A la barre de son trimaran IDEC (29,70 mètres), il pourrait franchir la ligne d'arrivée dans la nuit de samedi à dimanche au large de la Bretagne après 58 à 59 jours de navigation. Un exploit appelé à résonner durablement dans le monde de la voile.

Dans sa circumnavigation en solo par les caps de Bonne Espérance (Afrique du Sud), Leeuwin (Australie) et Horn (Chili), le solide skipper morbihannais de 51 ans a raflé tous les records intermédiaires et établi de nouveaux temps de références, notamment la traversée de l'océan Indien (9 jours, 12 heures et 3 minutes) puis de l'océan Pacifique (10 jours 14 heures et 30 minutes).

Joyon a même été plus vite seul qu'Orange 2, skippé par Bruno Peyron et tout un équipage en 2003, lors de leur tour du monde victorieux sur le même parcours (Trophée Jules Verne: 50 jours, 16 heures, 20 minutes et 4 secondes), entre Bonne Espérance et Leeuwin.

Autre accessit, le plus grand nombre de milles parcourus en une journée, 616,7 milles à la vitesse d'un peu plus de 25 noeuds. Il en a été dépossédé quelques jours plus tard par Thomas Coville (619,3 milles soit 1115 milles à la vitesse de 25,8 noeuds) parti lui aussi en quête du même record sur le trimaran Sodébo avant d'abandonner après une collision avec un growler, petit morceau de glace détaché d'un iceberg.

"Il était en conditions de course tout le temps, il n'a fait aucun compromis" pour aller le plus vite possible, a expliqué Jean-Yves Bernot, routeur-météo du skipper. Même dans le Pacifique, le skipper de Locmariaquer (Morbihan) est descendu tout près des glaces, jusqu'à 58 degrés Sud, "pour éviter des vents forts qui barraient le Nord", a précisé le navigateur à terre du skipper.

"Ca, c'est tout Francis, à fond, à fond tout le temps", a reconnu Roland Jourdain, skipper du monocoque 60 pieds (18,28 mètres) Véolia qui, par le passé a réalisé avec lui une saison complète en multicoques 60 pieds.

"C'est sur ces parcours au large et contre le chronomètre, que Francis s'exprime pleinement".

Ce n'est qu'à la sortie du Pacifique, puis lors de sa remontée de l'Atlantique que Francis Joyon a ralenti sa course échevelée.

D'abord pour raisons météo, puis à cause de l'usure d'une pièce des haubans qui maintiennent le mât debout, et qui risquait de le faire chuter. Joyon a ralenti pour faire ses réparations à 32 mètres de hauteur.
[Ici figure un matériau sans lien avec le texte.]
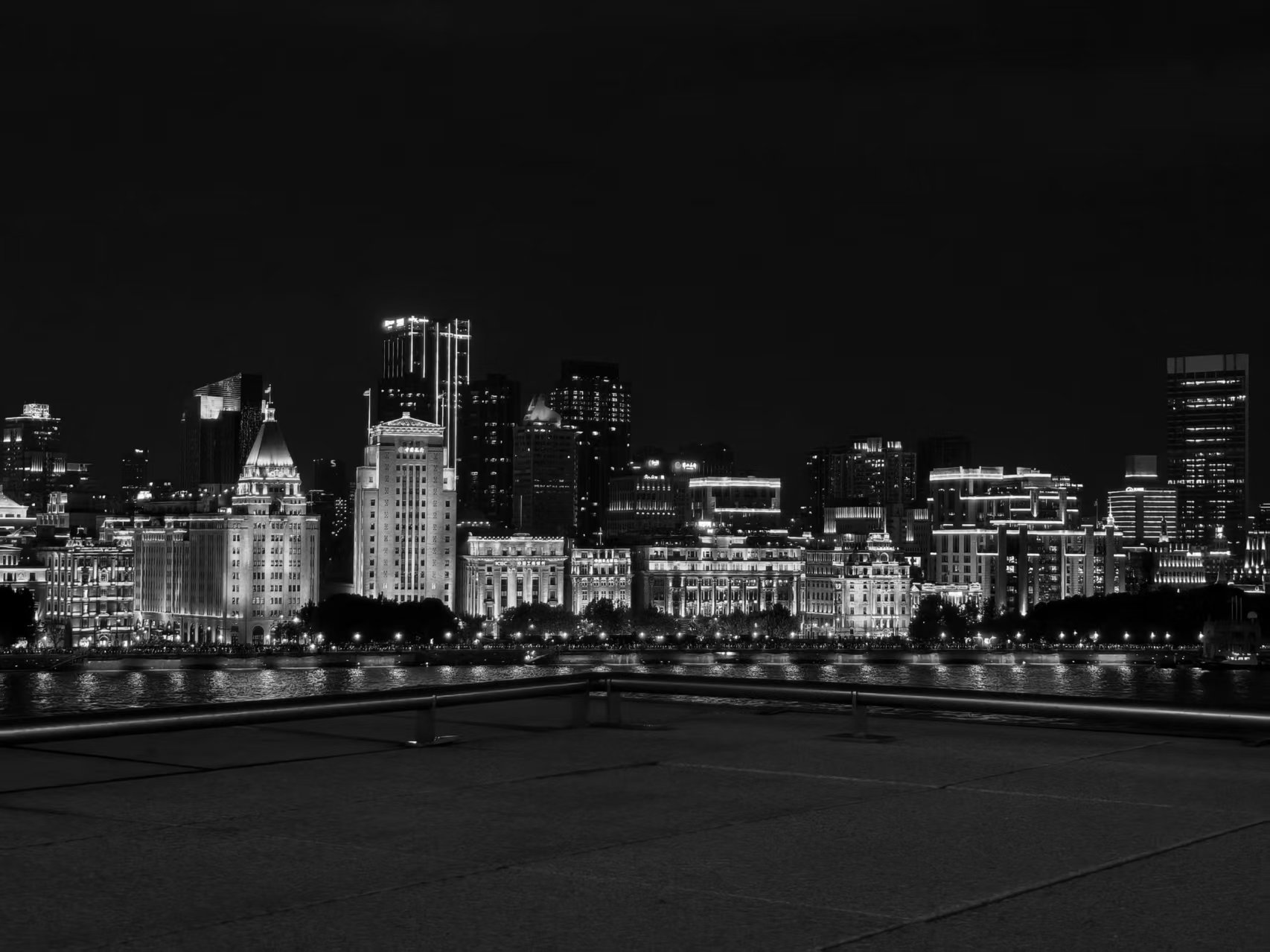 第五组外滩黑白夜景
Ce vendredi, il filait à 20 noeuds en direction de Brest, mais toujours avec la crainte d'une casse de dernière minute.

Ce record (presque) accroché au tableau de chasse de Francis Joyon, c'est la marque de la "simplicité, (de) l'efficacité et (de) la performance. Je n'ai qu'un mot à dire, bravo!", a témoigné Jean Le Cam, skipper du monocoque de 60 pieds VM Matériaux, en préparation pour le prochain Vendée Globe qui s'élancera sur le même parcours au départ et à l'arrivée des Sables d'Olonne (Vendée), à l'automne prochain.

Dès la conception, tout a été fait pour que le bateau soit simple à piloter, et léger. Pas de groupe électrogène qui peut tomber en panne, donc pas de chauffage à bord, mais des éoliennes et des panneaux solaires pour fournir l'électricité nécessaire au pilote automatique et aux outils de communication. Au final, un gain de poids évident. Selon son service de presse, le skipper breton devrait franchir la ligne d'arrivée fictive située entre l'île d'Ouessant et le Cap Lizard au milieu de la nuit de samedi à dimanche, et rallier le port de Brest dans la matinée.